When I joined JICA’s study team in India in the year 2017, I was entrusted with the uphill task of creating a resettlement action plan for the villagers who would be displaced during the construction of the 508km stretch of Mumbai-Ahmedabad High Speed Rail corridor. The next release of funds for the project was contingent on the approval of the plan by the funding body from Japan. This posed challenges on multiple grounds. Firstly, to convince the villagers impacted and assure them that adequate compensation and rehabilitation would be provided. Secondly, to set compliance guidelines for the Indian contractors involved in the development, and ensure their adherence to the standards. Lastly, to get a buy-in from the funding body, which was stationed offsite, to approve the plan. During the next 22 months of the project, I co-led the team, which addressed each of the challenges head on and came up with a strategy that was mutually beneficial for all the stakeholders. We had to handhold the Indian borrower on meeting the JICA’s environment and social compliance requirements as well as explain the Japanese counterpart on local site related challenges. In the process, I undertook regular site visits to understand the ground-level perspective, identify key influencers in each village, and explain to them the measures that were being planned for their rehabilitation. I mapped the stakeholders in the project at different locations and ensured that the Indian borrower conducts a meaningful consultation with them. I highlighted the concern of economic displacement of people and urged the Indian borrower on the requirement of preparing income restoration plan for the project-displaced people. This created a dual impact – on one hand, the Indian borrower earmarked a resettlement budget of USD 2000 Mn for the project and on the other, the Japanese counterpart sanctioned release of USD 900 Mn as first tranche of the project. The plan was also transparently communicated to the villagers resulting in agitation and protest free acquisition of land.
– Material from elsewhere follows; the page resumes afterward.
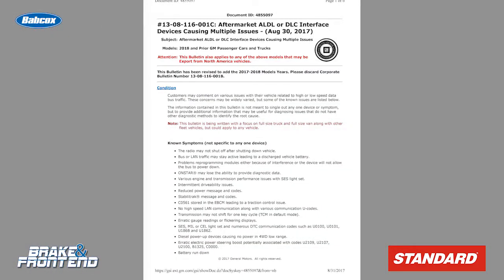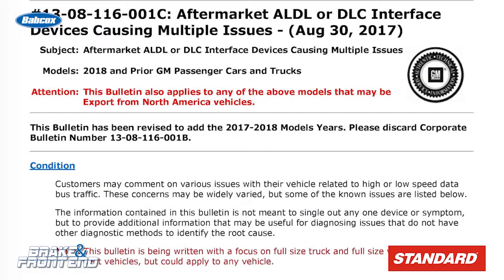In the TSBs, the main problem identified by both Ford and GM was the ability of the devices to interfere with data traffic on the various networks of the vehicle. Ford identified a condition on some of their vehicles where the devices could cause some modules to no longer communicate, even with a shop scan tool.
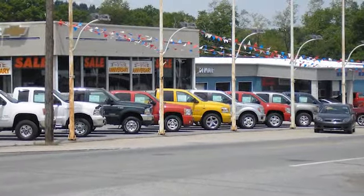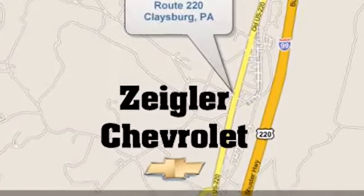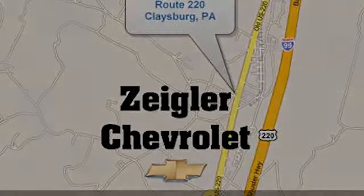Ziegler Chevrolet is Central PA's car dealer of choice for new and pre-owned vehicles. We're conveniently located at 13153 Dunnings Highway in Claysburg, PA.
This project has not only helped me in developing thought leadership, but has also helped me push my boundaries and overcome my limitations. I have realized that as a problem solver, it is critical to understand perspective and interests of every stakeholder and put yourself in their shoes to create a holistic strategy. The project also made me understand the power of consistent persistence and assertiveness in raising the ground level situations to the higher officials. It takes time for business stakeholders to appreciate environment & social concerns; however, a solution centric approach benefits everyone in the long run.
Today, I appreciate the fact that there are no perfect solution but only better solutions. I am confident that this realization will help me in designing sustainable strategies across various industries during the course of my career.